• **Exercise directions**:
Retype the listing found below exactly, but leave out each picture.

*** Opening Information supplied ***

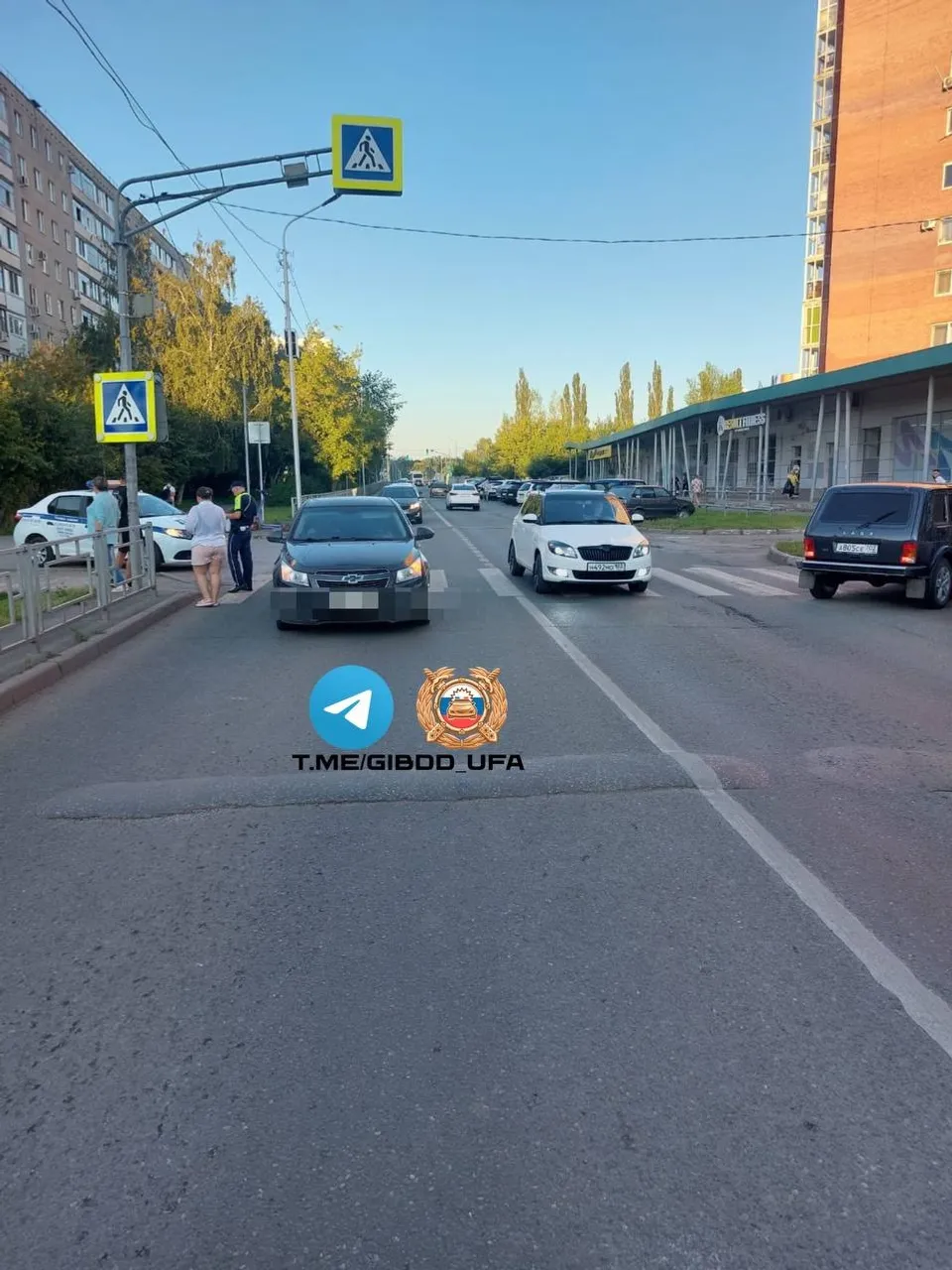 Госавтоинспекция Уфы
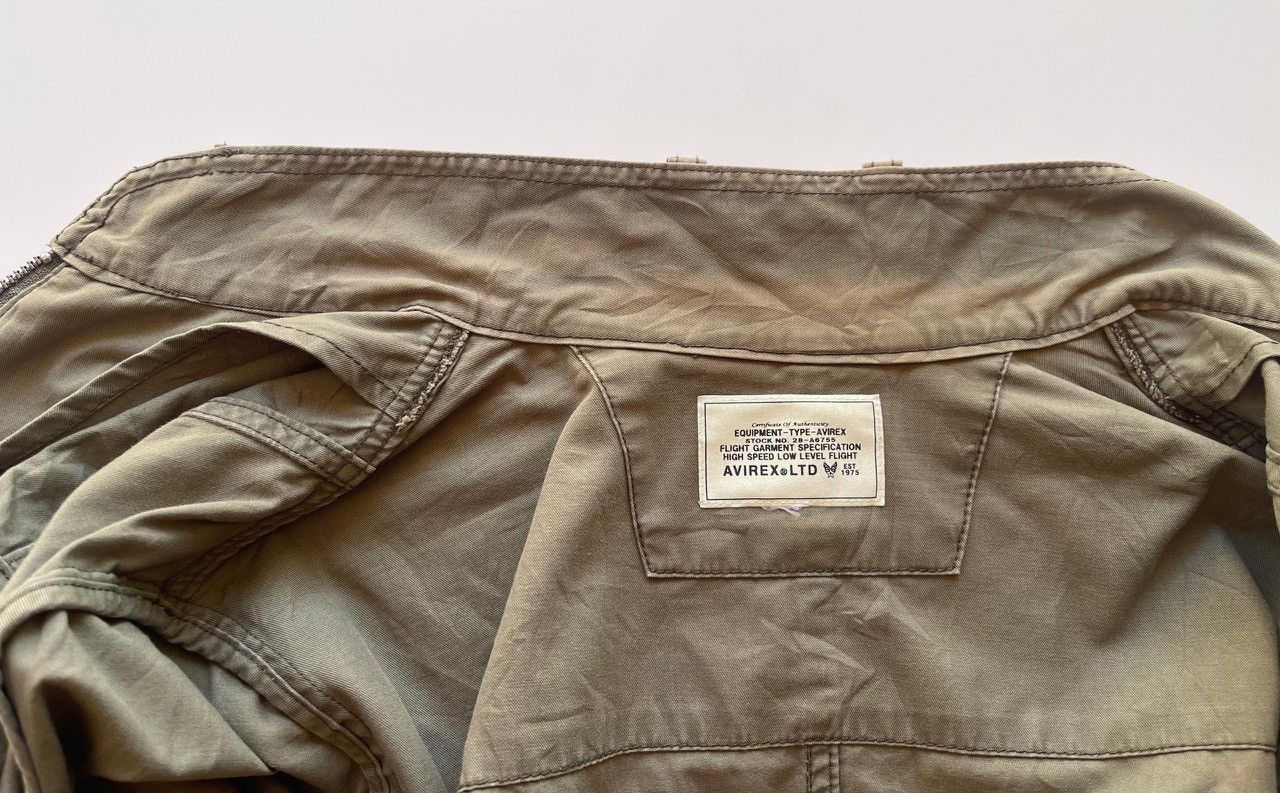 Avirex Trench Jacket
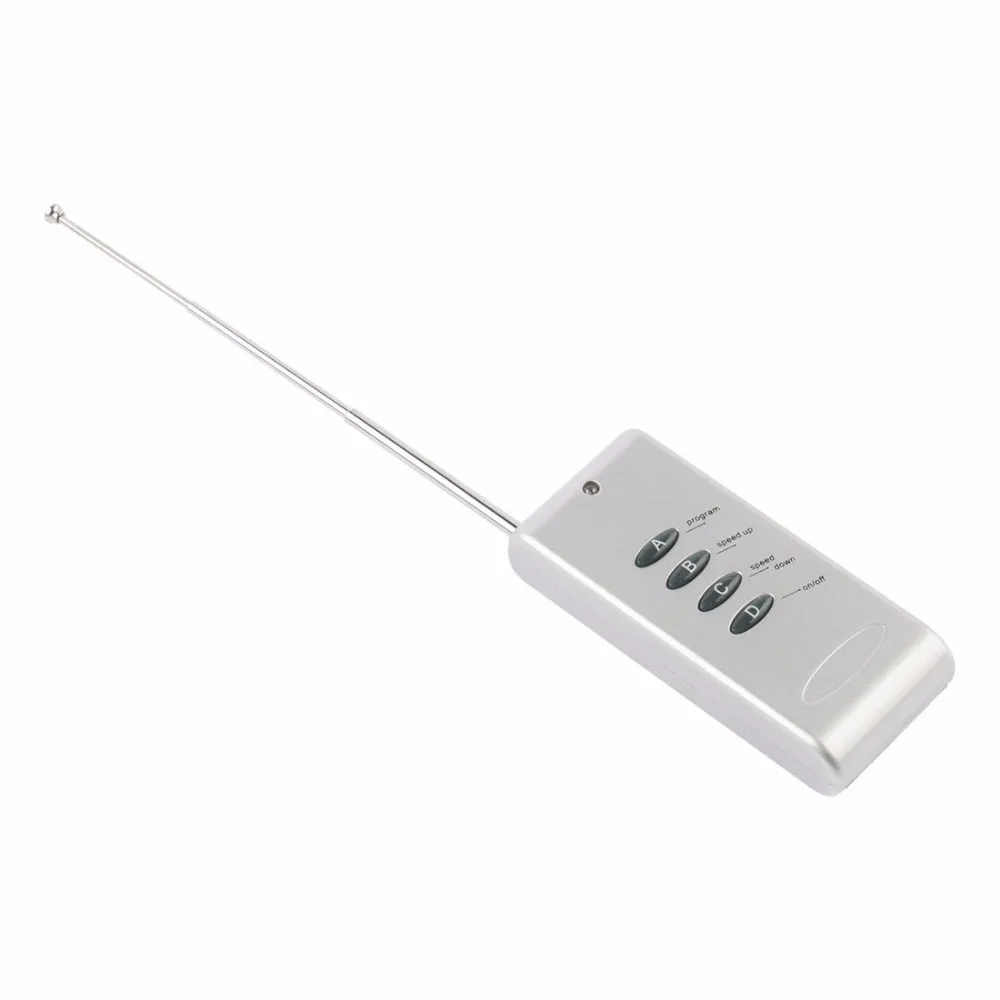 Wireless RF Led Lighting Driver Remote LED Controller 4 Keys for RGB LED Strip Light 12-24V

*** Closing Information supplied ***

• **Answer to this task**:
 Госавтоинспекция Уфы
 Avirex Trench Jacket
 Wireless RF Led Lighting Driver Remote LED Controller 4 Keys for RGB LED Strip Light 12-24V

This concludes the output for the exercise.